Hey........what was with that episode where a copy of the green ranger was made to combat the white?

I forgot what happened in that episode!! XDDDDDDD


----------



## Twilit (Oct 4, 2007)

KOJI DARTH said:


> Yeah XDAnd he was black/red/and others Tommy is a badass
> The dragon was awesome to bad it died with the green power thing


You've been watching it recently, haven't you



I fucking dressed as the pink Ranger and ran around my yard...surprised I didn't get jumped...Twas a good time, though


----------



## Eevihl (Oct 4, 2007)

Ninja Red said:


> There's a GOLD ranger?!



Yeah theres a gold
He head a pyramde
He was sick


----------



## Durandal (Oct 4, 2007)

I'm not very up to date with the new power rangers.


----------



## Eevihl (Oct 4, 2007)

_*_ said:


> You've been watching it recently, haven't you
> 
> 
> 
> I fucking dressed as the pink Ranger and ran around my yard...surprised I didn't get jumped...Twas a good time, though



Yes...
Im downloading the Zeo season as we post


----------



## Iria (Oct 4, 2007)

*moves to tv section*

<3 you Koji Darth


----------



## Twilit (Oct 4, 2007)

Ninja Red said:


> I'm not very up to date with the new power rangers.


All I know (from flipping through channels and seeing ABC family) is that the effects for the villains/action is just as sketchy, if not worse than it used to be.
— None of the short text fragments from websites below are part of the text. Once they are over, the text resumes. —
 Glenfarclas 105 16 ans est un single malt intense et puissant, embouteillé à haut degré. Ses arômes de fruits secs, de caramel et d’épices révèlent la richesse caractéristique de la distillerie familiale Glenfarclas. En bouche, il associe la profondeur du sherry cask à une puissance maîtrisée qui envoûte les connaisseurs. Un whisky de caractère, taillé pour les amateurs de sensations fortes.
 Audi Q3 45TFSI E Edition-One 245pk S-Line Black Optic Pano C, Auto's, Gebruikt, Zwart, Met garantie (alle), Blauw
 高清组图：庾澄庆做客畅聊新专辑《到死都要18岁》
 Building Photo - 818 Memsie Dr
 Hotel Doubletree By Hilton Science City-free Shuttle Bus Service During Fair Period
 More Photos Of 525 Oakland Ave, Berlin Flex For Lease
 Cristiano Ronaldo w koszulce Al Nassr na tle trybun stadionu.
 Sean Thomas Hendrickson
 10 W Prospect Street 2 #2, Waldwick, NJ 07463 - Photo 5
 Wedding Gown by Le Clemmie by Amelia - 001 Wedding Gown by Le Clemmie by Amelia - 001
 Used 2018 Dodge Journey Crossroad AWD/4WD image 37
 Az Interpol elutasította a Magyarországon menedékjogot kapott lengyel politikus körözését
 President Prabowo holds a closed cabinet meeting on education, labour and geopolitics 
I liked the second season, too  Turbo Rangers, in their trucks that combined into an (Insert threatening name) Megazord...fucking win.


----------



## Eevihl (Oct 4, 2007)

Iria said:


> *moves to tv section*
> 
> <3 you Koji Darth



Thanks for moving it again Iria
Damn I really need to look through all the forums XD
Sorry about that


----------



## Homura (Oct 4, 2007)

Anyone seen "The Power Rangers my way" video on youtube yet?


----------



## Eevihl (Oct 4, 2007)

Karin said:


> Anyone seen "The Power Rangers my way" video on youtube yet?



Noperz
Post a linky


----------



## Hio (Oct 4, 2007)

Power Rangers are awesome


----------



## Homura (Oct 4, 2007)

KOJI DARTH said:


> Noperz
> Post a linky



[YOUTUBE]http://www.youtube.com/watch?v=sQKfAWe2rBs[/YOUTUBE]​


----------



## Potentialflip (Oct 4, 2007)

The second season. Haven't seen Power Rangers of late. I just watch the Sentai shows now just to say hey when I was a kid I watched the americanized version of these shows.


----------



## Sean Connery (Oct 4, 2007)

only liked it up until before zeo started


----------



## Twilit (Oct 4, 2007)

@Karin:


----------



## Youngfyre (Oct 4, 2007)

The Mighty Morphing Power Rangers where the best


----------



## Canute87 (Oct 4, 2007)

I loved the ninja season with the ninjord guy.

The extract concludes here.